O coração e a pele
A manhã fria de fevereiro leva-me até ao roupeiro grande, e quando dou conta, subo a Rua de Santo António, em Vila Viçosa, abrigado pelo sobretudo cinzento que herdei do meu pai.
As memórias criam a pele que melhor nos protege do inverno.
A Zinha e o Manel são do meu tempo, ou melhor, são dos meus tempos todos,
porque eu me recordo deles desde quando comecei a guardar lembranças de mim.
Os dias pareciam, então, muito maiores, porque nada ficava por fazer, ou
por dizer.
Às vezes a tropeçarmos nalguma dificuldade que traía a fonética, mas sem
deixar de exprimir a vontade dos sentidos, e a sede:
-Um copo de “aba”, por favor.
Escorregávamos pelas caixas de cartão vazias, guardadas no armazém, com a
mesma alegria com que, ao longo de outros tempos, soubemos sorrir sobre a
gravidade das deceções, que nos puxaram para o chão frio.

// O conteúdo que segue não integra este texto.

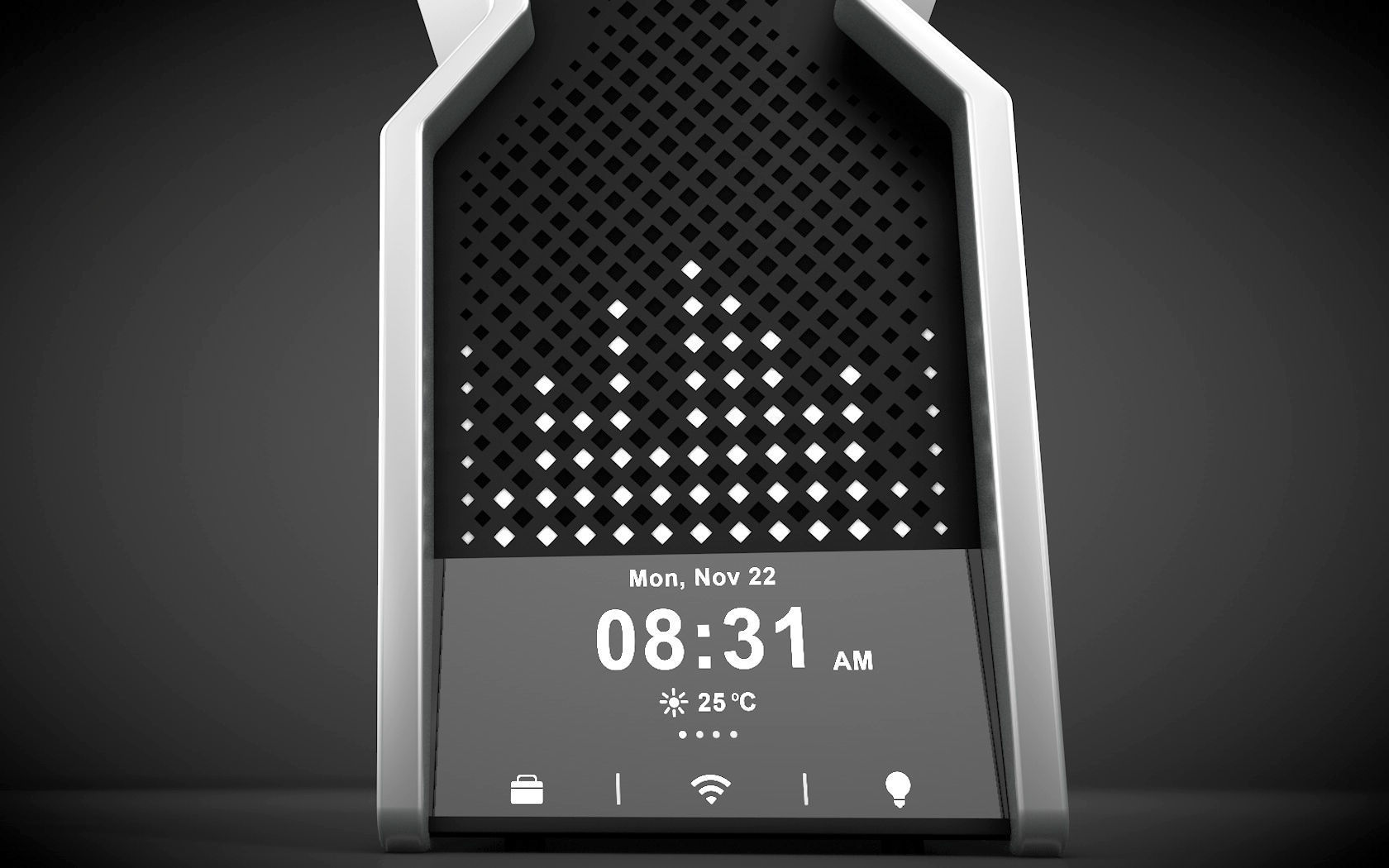 Wi-Fi 7 TP LINK Router Model - Collection - 3D model_6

Palpámos juntos a nossa primeira neve, perfumámos as mãos nos troncos das
mesmas estevas, rezámos as nossas esperanças nos mesmos padre nossos, e algures
entre a “telepatia” e a “paixão”, aprendemos a dançar nas mesmíssimas canções.
Por maior que se fizesse a distância, jamais deixámos de nos ver, porque
todo o coração tem janelas, aeródromos e aviões, para que os amigos jamais
sejam gente longe.
Há uma semana tomámos posse para a mesa da Régia Confraria de Nossa Senhora
da Conceição, e por nos sentirmos tão bem, assim, juntos, sob a fé que mesma
alva guerreira capa exprime, resolvemos fazer uma foto.
A fé é irmã das memórias, unindo futuro e passado na doçura de um presente,
que até poderá ter tudo do inverno.
A fé, a memória, e os amigos, que unem pela coerência, o coração e a pele.